How to use extra term in radial equation

[valtorEN]

Homework Statement

Due to the modification of inner-shell electrons of a multi-electron system,

the outer shell electron can feel an effective electrostatic potential as

V(r)=-e^2/(4*π*eo*R)-lambda*(e^2/(4*π*eo*R^2)) ; 0<lambda≤1

Find the energy eigenvalues and wavefunctions of the outer shell electron

and compare to those of the hydrogen atom

Homework Equations

Radial equation

-hbar^2/2*m(d^2u/dr^2)+[(V(r)+(hbar^2/2*m)*l(l+1)/R^2]

Eigenenergies for hydrogen atom

En=-[(m/2*hbar^2)*(e^2/4*π*e0)^2]*(1/n^2)=E1/n^2

The Attempt at a Solution

i plugged the effective potential into the radial equation, divided by E

(E=-hbar^2*k^2/(2*m)) where k=sqrt(2mE)/hbar

and get an equation with the same general solutions as in my book

u(rho)=(rho^(l+1))*(e^(-rho))*(v(rho))

still, how does this term effect the energy compared to that with hydrogen's

eigenenergies? i assume a const term with lambda in it finds it way into the

eigenenergies, but how to solve this is beyond me!


how do i calculate the new energy eigenvalues and wave functions?

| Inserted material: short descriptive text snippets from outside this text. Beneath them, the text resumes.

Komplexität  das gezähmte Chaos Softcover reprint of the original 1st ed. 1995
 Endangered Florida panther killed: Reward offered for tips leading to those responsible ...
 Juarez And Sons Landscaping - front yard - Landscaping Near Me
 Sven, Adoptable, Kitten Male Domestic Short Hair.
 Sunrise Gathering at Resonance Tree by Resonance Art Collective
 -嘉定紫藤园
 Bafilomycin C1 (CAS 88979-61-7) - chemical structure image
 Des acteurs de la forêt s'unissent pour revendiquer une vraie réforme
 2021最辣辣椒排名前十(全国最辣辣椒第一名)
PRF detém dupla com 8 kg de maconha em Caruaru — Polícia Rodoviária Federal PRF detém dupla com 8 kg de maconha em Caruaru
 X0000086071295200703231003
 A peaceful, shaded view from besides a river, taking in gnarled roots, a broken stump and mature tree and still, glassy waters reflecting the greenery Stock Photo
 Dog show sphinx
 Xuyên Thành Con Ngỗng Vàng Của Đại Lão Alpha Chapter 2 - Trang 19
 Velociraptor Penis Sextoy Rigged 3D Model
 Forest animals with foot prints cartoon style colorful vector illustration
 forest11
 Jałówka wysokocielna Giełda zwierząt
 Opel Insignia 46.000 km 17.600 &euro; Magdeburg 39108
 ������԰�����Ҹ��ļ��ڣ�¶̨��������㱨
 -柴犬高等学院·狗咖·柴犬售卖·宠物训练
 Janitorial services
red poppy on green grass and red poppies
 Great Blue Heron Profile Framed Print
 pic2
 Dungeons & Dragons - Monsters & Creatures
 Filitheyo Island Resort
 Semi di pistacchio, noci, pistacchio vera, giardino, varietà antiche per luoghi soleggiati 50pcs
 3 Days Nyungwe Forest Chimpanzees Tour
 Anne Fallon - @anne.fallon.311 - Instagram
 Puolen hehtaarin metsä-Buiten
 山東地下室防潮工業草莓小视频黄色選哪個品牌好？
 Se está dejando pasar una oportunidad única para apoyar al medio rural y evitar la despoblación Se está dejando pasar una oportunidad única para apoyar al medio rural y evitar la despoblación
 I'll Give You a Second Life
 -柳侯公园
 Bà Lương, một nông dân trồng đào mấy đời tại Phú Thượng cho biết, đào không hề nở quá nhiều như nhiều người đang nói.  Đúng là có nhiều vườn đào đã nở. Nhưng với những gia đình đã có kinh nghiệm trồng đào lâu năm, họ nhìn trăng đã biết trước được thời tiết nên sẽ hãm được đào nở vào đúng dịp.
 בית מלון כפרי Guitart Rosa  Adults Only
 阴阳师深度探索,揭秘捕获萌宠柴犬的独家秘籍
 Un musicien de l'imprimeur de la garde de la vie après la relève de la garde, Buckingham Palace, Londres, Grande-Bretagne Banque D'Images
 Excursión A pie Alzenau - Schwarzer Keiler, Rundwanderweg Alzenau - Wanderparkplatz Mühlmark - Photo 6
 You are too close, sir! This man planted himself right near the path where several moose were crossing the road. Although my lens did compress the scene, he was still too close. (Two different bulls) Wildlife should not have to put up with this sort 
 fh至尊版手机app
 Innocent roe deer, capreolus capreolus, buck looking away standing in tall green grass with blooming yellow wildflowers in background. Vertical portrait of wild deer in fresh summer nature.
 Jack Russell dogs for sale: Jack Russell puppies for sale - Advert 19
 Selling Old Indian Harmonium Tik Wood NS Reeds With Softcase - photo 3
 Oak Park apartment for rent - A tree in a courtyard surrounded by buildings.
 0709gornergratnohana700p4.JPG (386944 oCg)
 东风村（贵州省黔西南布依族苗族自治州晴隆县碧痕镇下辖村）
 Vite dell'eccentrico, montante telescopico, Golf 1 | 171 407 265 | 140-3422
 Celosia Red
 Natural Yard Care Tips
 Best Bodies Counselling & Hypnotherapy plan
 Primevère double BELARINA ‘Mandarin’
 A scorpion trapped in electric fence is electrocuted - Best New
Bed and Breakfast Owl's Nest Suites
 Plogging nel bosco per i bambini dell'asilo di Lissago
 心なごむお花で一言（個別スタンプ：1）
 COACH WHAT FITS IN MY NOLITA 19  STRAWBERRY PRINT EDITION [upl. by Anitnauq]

how do they compare to that of hydrogen?

cheers
nate

 

[lalbatros]

My feeling is that you could rescale the r-axis to get this problem solved.
The additional term in the potential is similar to the angular momentum term.
Therefore, the effect should be equivalent to the same problem with r rescaled and V(r) rescaled correspondingly.
But that is only my guess ...
Hope it helps.